Van de Bunt zelf had vooraf ook geen inschatting gemaakt van de tijd die hij wilde rijden. Dankzij zijn baanrecord in Groningen enkele weken terug wist hij wel dat de vorm goed was, maar hoe zich dat zou verhouden tot het snelle ijs en de hoge luchtdruk deze kerstperiode in Heerenveen wist hij niet.

“In het verleden had ik altijd hoge verwachtingen van mezelf. Dan wilde ik mezelf bewijzen, overschatte ik mezelf en dacht ik aan snelle rondetijden in plaats van aan mijn techniek”, vertelde hij in de catacomben van Thialf. Daarbij liet hij zich regelmatig gek maken door zijn goede geheugen: hij wist immers precies welke rondjes hij nodig zou hebben voor een snelle eindtijd. “In Groningen had ik dat niet en moest ik op gevoel rijden.”

Erik Bouwman
Geen paniek, maar wel verbazing bij Erik Bouwman. | Foto: Orange Pictures

Achteraf was die verbetering van het oude baanrecord van Sven Kramer al een voorbode van de revelatie die Van de Bunt tijdens dit OKT bleek te worden. De ervaren kijker zag er misschien wel een mannelijke versie van Esmee Visser rijden. In 2018 kwalificeerde zij zich vanuit het niets voor de Spelen en wist daar tot ieders verbazing goud te winnen. Toch waren er ook significante verschillen ten opzichte van de verrassing van Visser. Van de Bunt heeft dan wel net als Visser nauwelijks internationale ervaring bij de senioren, maar zo verbaasd als zij destijds was over de eigen prestaties was hij dat allerminst. En in het juniorencircuit was Van de Bunt wel degelijk een uitblinker, met podiumplaatsen en overwinningen op marathons, bij het inlineskaten en wereldbekers op de langebaan.

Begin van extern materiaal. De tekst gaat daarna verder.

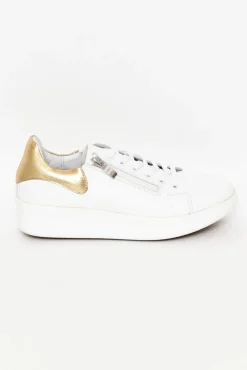 White Sneakers<Alfie and Evie Moppy White Leather Platform Zip Sneaker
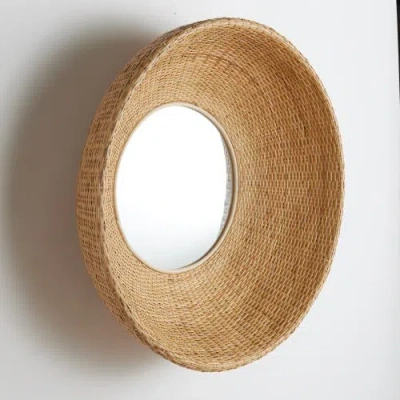 Napa Home & Garden Shyla Natural Framed Round Decorative Wall Mirror In Neutral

Vanuit die ervaring komt hij na het invullen van de namen in de selectievolgorde van de KNSB ook zomaar in aanmerking om in Milaan twee extra startplekken in te nemen. Na het invullen van de 'logische' namen van Marcel Bosker en Chris Huizinga voor de ploegenachtervolging en Jorrit Bergsma op de mass start blijft er immers op beide onderdelen een plekje over die nog niet zomaar door een andere man in de selectievolgorde is ingevuld. Van de Bunt zou, gezien zijn capaciteiten en het feit dat hij sowieso al in Milaan is, die plekken heel goed kunnen opvullen.

Erwin ten Hove moedigt Stijn van de Bunt aan.
De aanmoedigingen van Erwin ten Hove leiden Van de Bunt naar 12.36,35. | Foto: Orange Pictures

Geconfronteerd met die feiten hield Van de Bunt zich enigszins op de vlakte, maar liet toch weten dat hij die uitdaging graag aan zou gaan. “De ervaring op die onderdelen heb ik, dus het zou zeker leuk zijn als ik mag starten. Ik ben op meer fronten inzetbaar en met mijn achtergrond in het skeeleren heb ik op tactisch gebied en in het peloton veel ervaring. Daardoor ben ik behendig en kan ik snel schakelen in de wedstrijd.”

Ondanks die voorzichtige sollicitatie richting bondscoach Rintje Ritsma was er van sterallures zeker geen sprake bij de man uit Lopik, ook al reed hij bijna twintig seconden sneller dan zijn oude persoonlijk record. Hij bleef koel onder druk en leefde op dezelfde manier als altijd naar zijn tweede optreden toe. “Natuurlijk heb ik wel wat minder geslapen dan normaal, maar verder vond ik het allemaal meevallen. Met wat trainen, spelletjes spelen en opwarmen voor de wedstrijd gaat de tijd best snel. Het voelt ook helemaal niet als een roze wolk. Eigenlijk ben ik best wel relaxed.”